Aux dix droits imprescriptibles du lecteur, décrits par Daniel Pennac dans son essai Comme un roman, je vais me permettre d’en ajouter un, dont il parle d’ailleurs au début du livre.

Un droit simple et primordial, à la fois universel et personnel, auquel je tiens beaucoup, et qu’on ne m’a pas souvent accordé dans mon enfance: LE DROIT DE LIRE.

C’est pour ça que j’y tiens tant!

(Image Internet, reçue via Facebook)

Au début de cet essai, Daniel Pennac nous rappelle l’aversion, parfois ancienne, parfois acquise à l’école (eh oui!), que nombre d’enfants et de jeunes ados entretiennent à l’égard de la lecture. Judicieusement, Pennac signale que le verbe lire, pas plus que les verbes aimer ou rêver, ne supporte l’impératif!

Mais, dit-il, on peut toujours essayer!

Lis! Mais lis donc, bon sang, je t’ordonne de lire! » Résultat? Néant.

Mais, nous dit encore Daniel Pennac, cette aversion pour la lecture semble à notre génération d’autant plus inconcevable que de notre temps (notre milieu … notre famille):

… la tendance était plutôt à nous empêcher de lire (…) Oui, il faisait toujours trop beau pour lire, alors, et trop sombre la nuit.

J’ajoute, pour ma part, que dans ma famille, lire était considéré comme un loisir de privilégié. Lire c’était … ne rien faire! Lire c’était rêver, s’évader, ouvrir la porte sur un imaginaire stérile, voire dangereux. Il fallait apprendre aux enfants, si possible, d’autres plaisirs, des plaisirs d’effort, des plaisirs de travail. Il y avait toujours, certainement, quelque chose de mieux à faire: écosser des petits pois, aider à la mise en bocaux des mirabelles, prendre une aiguille et coudre …  Priver un enfant de lecture était alors considéré comme un acte éducatif: c’était lui apprendre à être actif, à ne pas fainéanter. Tout comme jouer, courir ou vagabonder avaient aussi, chez moi, mauvaise presse; mais c’est une autre histoire.

Et à l’école? À cette époque (1955, 1960-65), dans nos villages et petites villes, il semble que l’école non plus n’incitait pas les enfants à devenir des lecteurs: pas de bibliothèque dans ma communale, et presque rien dans mon collège (Collège d’Enseignement Général, CEG). Ailleurs? Je ne sais pas. Je sais qu’en 5ème, avide de bouquins, j’ai trouvé dans la maigre bibliothèque de mon CEG la Vie de Disraeli, étude historique de M. André Maurois. Et, oui, je l’ai lu. À 12 ans.

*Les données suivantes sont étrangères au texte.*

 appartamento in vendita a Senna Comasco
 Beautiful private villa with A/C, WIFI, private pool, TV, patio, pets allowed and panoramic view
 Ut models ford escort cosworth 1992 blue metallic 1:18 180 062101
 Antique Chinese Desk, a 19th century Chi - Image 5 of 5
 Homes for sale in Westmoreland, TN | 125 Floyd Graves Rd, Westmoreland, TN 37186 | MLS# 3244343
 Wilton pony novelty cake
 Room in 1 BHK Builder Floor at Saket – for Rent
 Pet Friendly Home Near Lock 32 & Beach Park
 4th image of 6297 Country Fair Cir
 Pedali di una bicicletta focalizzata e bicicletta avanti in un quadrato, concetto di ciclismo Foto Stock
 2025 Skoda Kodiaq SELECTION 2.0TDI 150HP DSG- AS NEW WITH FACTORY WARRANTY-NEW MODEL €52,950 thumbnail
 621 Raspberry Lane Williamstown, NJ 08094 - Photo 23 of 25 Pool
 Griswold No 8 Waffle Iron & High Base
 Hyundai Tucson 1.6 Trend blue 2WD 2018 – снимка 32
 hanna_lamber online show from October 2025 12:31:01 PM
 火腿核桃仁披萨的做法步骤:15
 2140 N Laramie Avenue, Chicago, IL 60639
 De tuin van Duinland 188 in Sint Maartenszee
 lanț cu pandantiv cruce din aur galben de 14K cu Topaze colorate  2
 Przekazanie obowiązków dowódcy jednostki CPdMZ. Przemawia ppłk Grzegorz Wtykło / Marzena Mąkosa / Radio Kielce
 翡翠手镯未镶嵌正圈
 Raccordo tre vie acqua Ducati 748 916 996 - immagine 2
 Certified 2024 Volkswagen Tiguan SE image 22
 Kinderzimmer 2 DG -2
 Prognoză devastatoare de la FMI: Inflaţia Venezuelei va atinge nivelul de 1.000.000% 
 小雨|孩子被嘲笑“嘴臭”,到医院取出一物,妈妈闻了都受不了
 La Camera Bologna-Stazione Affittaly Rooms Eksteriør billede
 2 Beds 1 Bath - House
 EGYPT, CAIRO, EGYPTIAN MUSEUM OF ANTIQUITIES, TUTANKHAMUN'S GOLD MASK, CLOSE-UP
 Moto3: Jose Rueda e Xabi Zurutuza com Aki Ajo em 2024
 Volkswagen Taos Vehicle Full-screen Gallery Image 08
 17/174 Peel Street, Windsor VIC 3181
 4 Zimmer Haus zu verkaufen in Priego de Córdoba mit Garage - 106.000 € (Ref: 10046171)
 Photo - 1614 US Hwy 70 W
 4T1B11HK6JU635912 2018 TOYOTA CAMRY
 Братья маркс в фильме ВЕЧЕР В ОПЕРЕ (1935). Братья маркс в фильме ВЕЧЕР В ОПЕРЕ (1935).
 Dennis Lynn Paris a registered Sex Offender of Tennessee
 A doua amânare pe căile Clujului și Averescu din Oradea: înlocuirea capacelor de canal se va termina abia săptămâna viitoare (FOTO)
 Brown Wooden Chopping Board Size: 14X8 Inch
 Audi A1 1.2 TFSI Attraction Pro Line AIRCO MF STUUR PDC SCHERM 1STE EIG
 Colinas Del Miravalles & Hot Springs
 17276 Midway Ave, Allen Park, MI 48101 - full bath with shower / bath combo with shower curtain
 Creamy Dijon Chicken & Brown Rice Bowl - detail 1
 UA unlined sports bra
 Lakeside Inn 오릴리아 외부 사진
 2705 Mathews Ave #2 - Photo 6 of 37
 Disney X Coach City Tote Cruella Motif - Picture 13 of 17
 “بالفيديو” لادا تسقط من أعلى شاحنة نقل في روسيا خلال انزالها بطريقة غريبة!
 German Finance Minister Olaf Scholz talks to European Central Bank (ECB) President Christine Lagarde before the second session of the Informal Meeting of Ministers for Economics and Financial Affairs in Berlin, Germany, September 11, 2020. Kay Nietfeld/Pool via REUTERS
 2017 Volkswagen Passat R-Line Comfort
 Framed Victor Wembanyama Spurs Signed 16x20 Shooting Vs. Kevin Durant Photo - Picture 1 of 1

André Maurois   (1885-1967)

Je l’ai lu, sans exercer peut-être mon droit n°3 (je ne savais pas que je l’avais). Pour devenir des lecteurs, il fallait donc devenir, en gros, des rebelles, comme le décrit Daniel Pennac dans l’extrait ci-dessous.

M. Pennac, je vous redonne la parole, et vous remercie:

Notez que lire ou ne pas lire, le verbe était déjà conjugué à l’impératif. Même au passé, on ne se refait pas. En sorte que LIRE ÉTAIT DÉJÀ UN ACTE SUBVERSIF (C’est moi qui souligne). À la découverte du roman s’ajoutait l’excitation de la désobéissance familiale. Double splendeur! Ô le souvenir de ces heures de lectures chipées sous les couvertures à la lueur de la torche électrique! Comme Anna Karénine galopait vite-vite vers son Vronski à ces heures de la nuit! Ils s’aimaient, ces deux-là, c’était déjà beau, mais ils s’aimaient contre l’interdiction de lire, c’était encore meilleur! Ils s’aimaient contre père et mère, ils s’aimaient contre le devoir de math à finir, contre la préparation française à rendre, contre la chambre à ranger, ils s’aimaient au lieu de passer à table, ils s’aimaient avant le dessert, ils se préféraient à la partie de foot et à la cueillette des champignons… Ils s’étaient choisis et se préféraient à tout… Dieu de Dieu la belle amour!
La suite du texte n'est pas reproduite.